Donnerstag, 26. Juli 2007

„Schafft die Klickmännchen ab“

Daß das Reich des Bösen, Microsoft, seinen Entwicklern vorschreibt, die vorhandenen Funktionalitäten zu benutzen und keine Zeit damit zu vergeuden, Standards umzumodeln, wundert mich nicht. Aber „die Schande der Entwicklungsabteilungen in der Computerindustrie“ beklagt Bernd Graff im „SZ“-Feuilleton ebenso bei der mit Linux oder Mac OS werkelnden Konkurrenz: Immer gleiche „Menü-Bearbeiten-Klickediklack-Programm-Fenster“, „diese Erdschwere stationärer Geräte mit ihrem Kabelverhau an schwermütig machender Peripherie“, kurzum: „Gedächtnisaltäre“.

1 Kommentar:

Anonym hat gesagt…

Ich find den Artikel selten dämlich, und er zeugt leider hauptsächlich davon, frei jeder Recherche zu sein.

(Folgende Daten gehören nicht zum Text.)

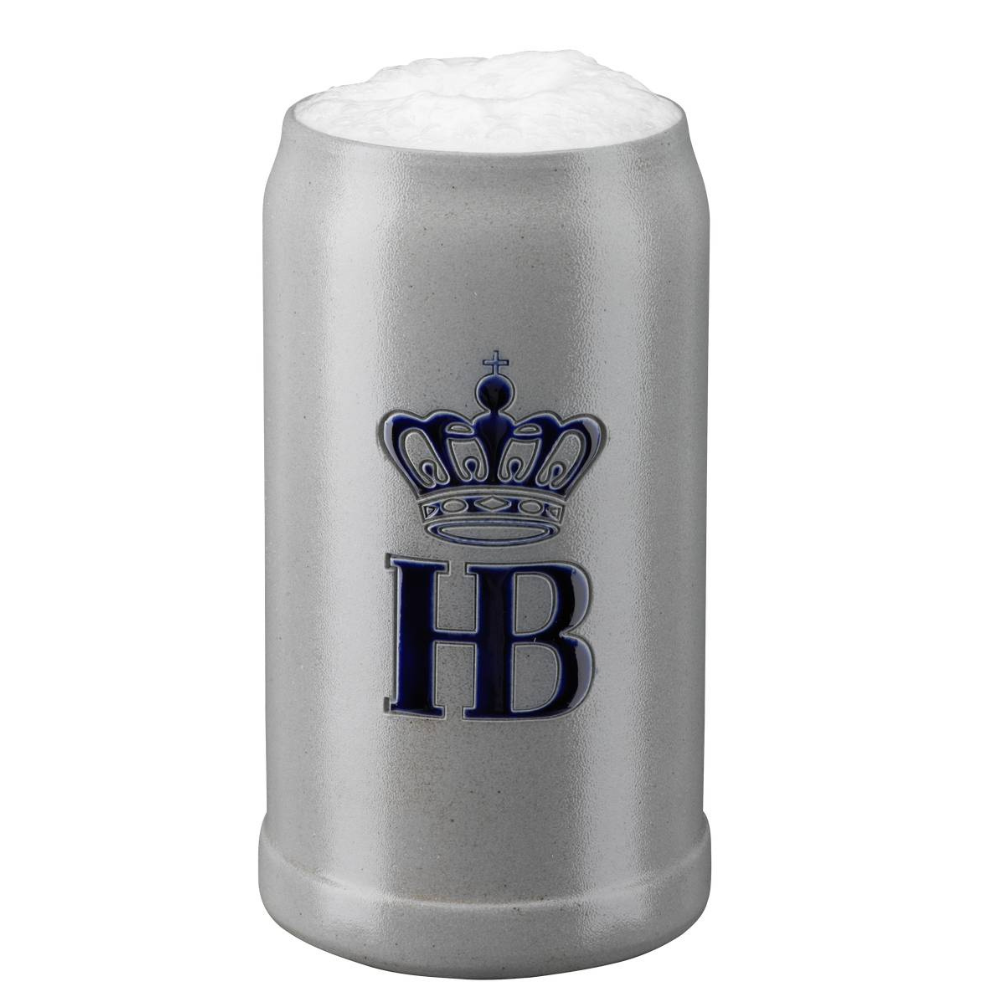 Salt-glazed Stein 1 L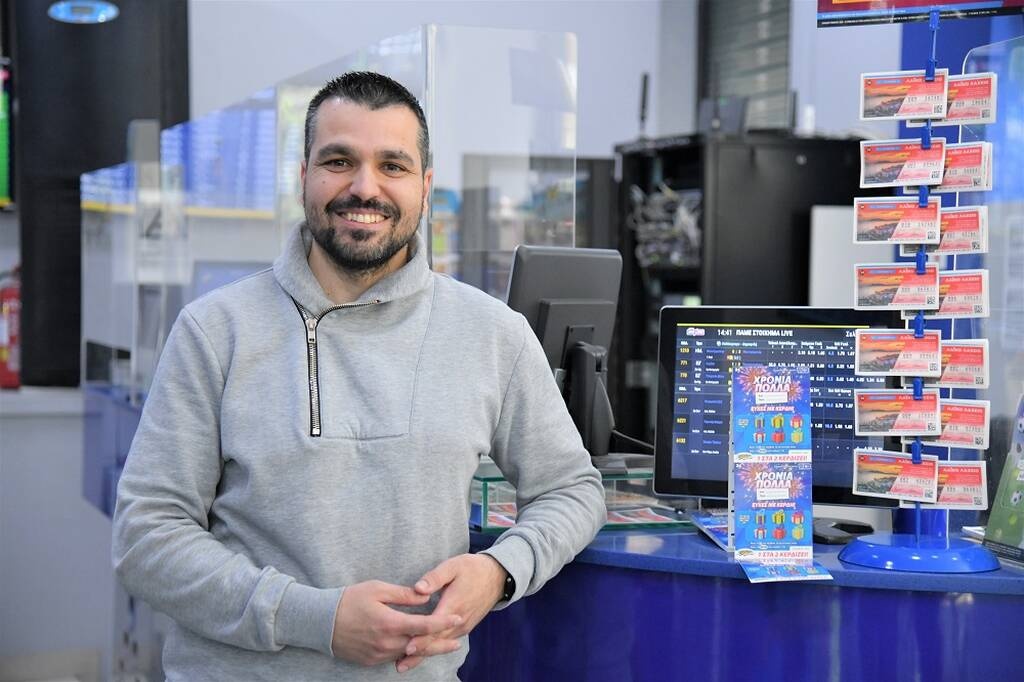Γιώργος Μπουλασίκης, ιδιοκτήτης καταστήματος ΟΠΑΠ στο Κουκάκι.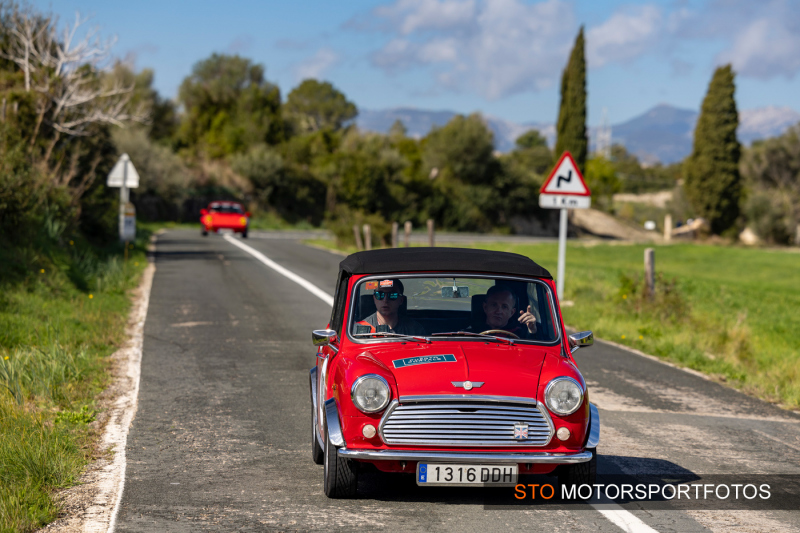 Rally Mallorca 2024 - Robert Deeming - Thomas Parker - Rover Mini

Der Grund für Vistas in der Tat etwas mageres Ergebnis nach fünf Jahren Entwicklungszeit ist nicht mangelnder Mut (wie Herr Graffe zu glauben scheint), sondern zuviel Mut von Seiten Microsofts. Wer auch nur kurz etwas zur Entwicklungsgeschichte von Vista googelt, wird sehr schnell die Geschichte von WinFS finden: Microsoft wollte ein komplett neues Dateisystem für Vista entwickeln, welches eben jene Mißstände beseitigt, die der Autor des Artikels anprangert: Absurde Verzeichnisstrukturen, komische Dateinamen usw. Und wer sich mal etwas mit Programmierung beschäftigt hat, der weiß, dass das ein monumentales Unterfangen ist. Den Mut jedenfalls hatte Microsoft, leider haben sie sich komplett verschätzt: Nach drei Jahren haben sie gemerkt, dass sie es nicht hinkriegen, haben das ganze Projekt auf 0 gesetzt und von vorne mit der Entwicklung von Vista begonnen. Was man jetzt sieht sind effektiv so was wie zwei Jahre Entwicklungszeit, bei der angesichts des vorangegangenen Debakels dann in der Tat Vorsicht das oberste Gebot war. Die Geschichte von Vista ist in der Tat peinlich, aber aus einem ganz anderen Grund als Herr Graffe meint: Mut zur Veränderung war genug da, und zwar zuviel angesichts der tatsächlichen Komplexität des Unterfangens.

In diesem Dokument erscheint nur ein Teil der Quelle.